TASK INSTRUCTIONS: Whenever an image turns up, omit it and return the remaining data exactly.

··· DATA SECTION

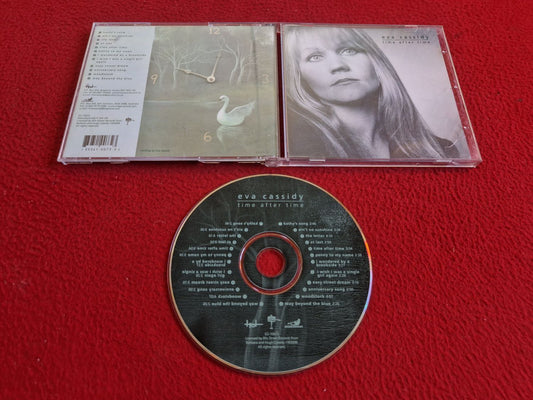 EVA CASSIDY TIME AFTER TIME CD
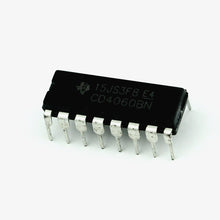 Load image into Gallery viewer, CD4060 - 14-stage Ripple Carry Binary Counter IC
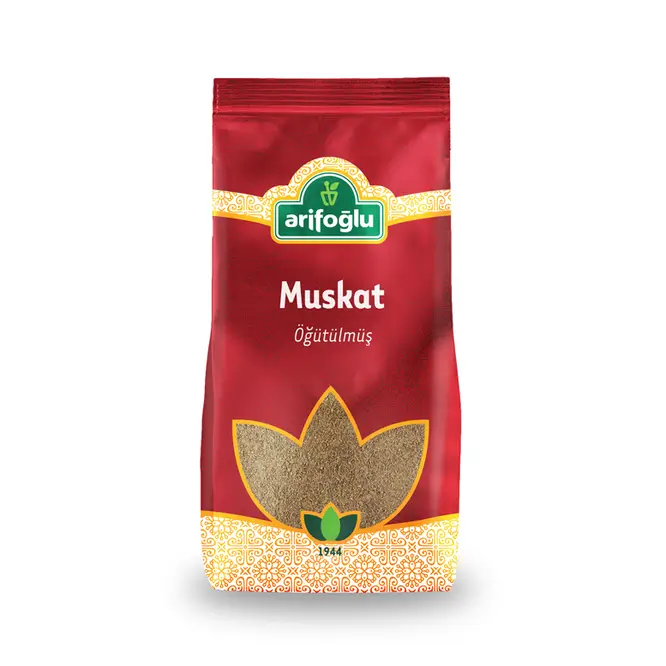Muskat Öğütülmüş 100g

······

YOUR SOLUTION:
 EVA CASSIDY TIME AFTER TIME CD
 Load image into Gallery viewer, CD4060 - 14-stage Ripple Carry Binary Counter IC
Muskat Öğütülmüş 100g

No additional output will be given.